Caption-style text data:
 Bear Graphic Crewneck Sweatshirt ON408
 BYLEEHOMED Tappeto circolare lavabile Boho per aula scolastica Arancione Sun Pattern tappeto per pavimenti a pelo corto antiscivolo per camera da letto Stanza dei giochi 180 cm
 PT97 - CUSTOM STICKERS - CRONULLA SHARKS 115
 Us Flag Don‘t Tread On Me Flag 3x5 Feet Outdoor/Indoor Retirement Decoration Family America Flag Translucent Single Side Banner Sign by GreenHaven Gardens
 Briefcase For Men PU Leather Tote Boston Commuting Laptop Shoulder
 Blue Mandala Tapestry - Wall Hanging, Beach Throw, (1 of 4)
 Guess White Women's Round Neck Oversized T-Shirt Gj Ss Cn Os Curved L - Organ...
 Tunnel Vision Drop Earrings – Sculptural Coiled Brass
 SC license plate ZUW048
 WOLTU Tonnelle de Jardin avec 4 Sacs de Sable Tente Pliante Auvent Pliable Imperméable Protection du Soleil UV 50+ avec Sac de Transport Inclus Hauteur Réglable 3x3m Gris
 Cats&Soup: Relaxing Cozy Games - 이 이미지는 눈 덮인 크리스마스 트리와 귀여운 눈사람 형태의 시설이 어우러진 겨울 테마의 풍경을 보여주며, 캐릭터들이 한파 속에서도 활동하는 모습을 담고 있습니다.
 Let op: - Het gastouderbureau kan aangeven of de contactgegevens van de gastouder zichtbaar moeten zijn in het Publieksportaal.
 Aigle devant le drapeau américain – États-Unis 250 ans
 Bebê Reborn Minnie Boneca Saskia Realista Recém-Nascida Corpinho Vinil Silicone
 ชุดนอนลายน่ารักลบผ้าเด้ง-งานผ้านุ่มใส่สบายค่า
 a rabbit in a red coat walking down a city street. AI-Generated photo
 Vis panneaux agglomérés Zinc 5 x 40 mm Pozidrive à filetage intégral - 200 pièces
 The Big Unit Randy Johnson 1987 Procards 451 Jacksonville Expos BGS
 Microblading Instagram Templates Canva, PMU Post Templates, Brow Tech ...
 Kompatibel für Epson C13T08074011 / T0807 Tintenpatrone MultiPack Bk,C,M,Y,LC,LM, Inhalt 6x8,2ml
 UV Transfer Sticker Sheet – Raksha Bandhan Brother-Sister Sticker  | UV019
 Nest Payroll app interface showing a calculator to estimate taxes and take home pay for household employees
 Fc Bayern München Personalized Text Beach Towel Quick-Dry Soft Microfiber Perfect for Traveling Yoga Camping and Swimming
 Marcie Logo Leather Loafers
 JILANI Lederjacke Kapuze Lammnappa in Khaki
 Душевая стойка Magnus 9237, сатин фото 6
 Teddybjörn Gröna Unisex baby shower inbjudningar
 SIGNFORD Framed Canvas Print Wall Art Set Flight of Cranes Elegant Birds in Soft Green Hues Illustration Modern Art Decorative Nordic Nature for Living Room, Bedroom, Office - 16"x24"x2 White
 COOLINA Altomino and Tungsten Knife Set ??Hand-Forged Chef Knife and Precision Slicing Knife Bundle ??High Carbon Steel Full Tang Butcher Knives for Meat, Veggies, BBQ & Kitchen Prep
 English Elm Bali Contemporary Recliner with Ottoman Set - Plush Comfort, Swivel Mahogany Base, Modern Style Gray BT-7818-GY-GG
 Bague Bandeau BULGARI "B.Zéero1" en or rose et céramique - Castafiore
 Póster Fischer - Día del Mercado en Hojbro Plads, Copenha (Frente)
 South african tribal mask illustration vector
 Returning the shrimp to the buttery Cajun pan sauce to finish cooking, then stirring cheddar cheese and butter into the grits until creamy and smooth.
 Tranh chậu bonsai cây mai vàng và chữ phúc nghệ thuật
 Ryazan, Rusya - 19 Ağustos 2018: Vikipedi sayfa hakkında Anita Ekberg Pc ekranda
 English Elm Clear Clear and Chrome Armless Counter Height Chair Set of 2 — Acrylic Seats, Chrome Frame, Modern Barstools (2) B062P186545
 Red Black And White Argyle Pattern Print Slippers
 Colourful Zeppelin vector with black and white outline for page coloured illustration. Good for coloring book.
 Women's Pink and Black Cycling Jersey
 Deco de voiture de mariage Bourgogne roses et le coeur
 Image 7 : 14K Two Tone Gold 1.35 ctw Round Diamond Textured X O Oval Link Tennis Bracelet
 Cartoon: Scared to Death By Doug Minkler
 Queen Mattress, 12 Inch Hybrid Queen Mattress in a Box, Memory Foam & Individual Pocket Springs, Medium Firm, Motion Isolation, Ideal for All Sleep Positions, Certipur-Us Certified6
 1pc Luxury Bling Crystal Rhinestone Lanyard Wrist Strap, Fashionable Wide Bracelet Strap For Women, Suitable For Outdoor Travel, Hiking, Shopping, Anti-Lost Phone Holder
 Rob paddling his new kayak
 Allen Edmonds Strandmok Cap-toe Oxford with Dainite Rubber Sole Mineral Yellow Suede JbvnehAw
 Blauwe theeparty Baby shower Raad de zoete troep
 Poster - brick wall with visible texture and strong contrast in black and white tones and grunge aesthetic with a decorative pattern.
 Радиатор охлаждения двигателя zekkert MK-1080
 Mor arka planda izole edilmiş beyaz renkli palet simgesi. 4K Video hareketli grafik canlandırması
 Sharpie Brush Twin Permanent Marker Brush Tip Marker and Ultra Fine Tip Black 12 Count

EXERCISE REQUIREMENTS
Show the lines above that have the word "Soft".

PROBLEM SOLUTION
 Fc Bayern München Personalized Text Beach Towel Quick-Dry Soft Microfiber Perfect for Traveling Yoga Camping and Swimming
 SIGNFORD Framed Canvas Print Wall Art Set Flight of Cranes Elegant Birds in Soft Green Hues Illustration Modern Art Decorative Nordic Nature for Living Room, Bedroom, Office - 16"x24"x2 White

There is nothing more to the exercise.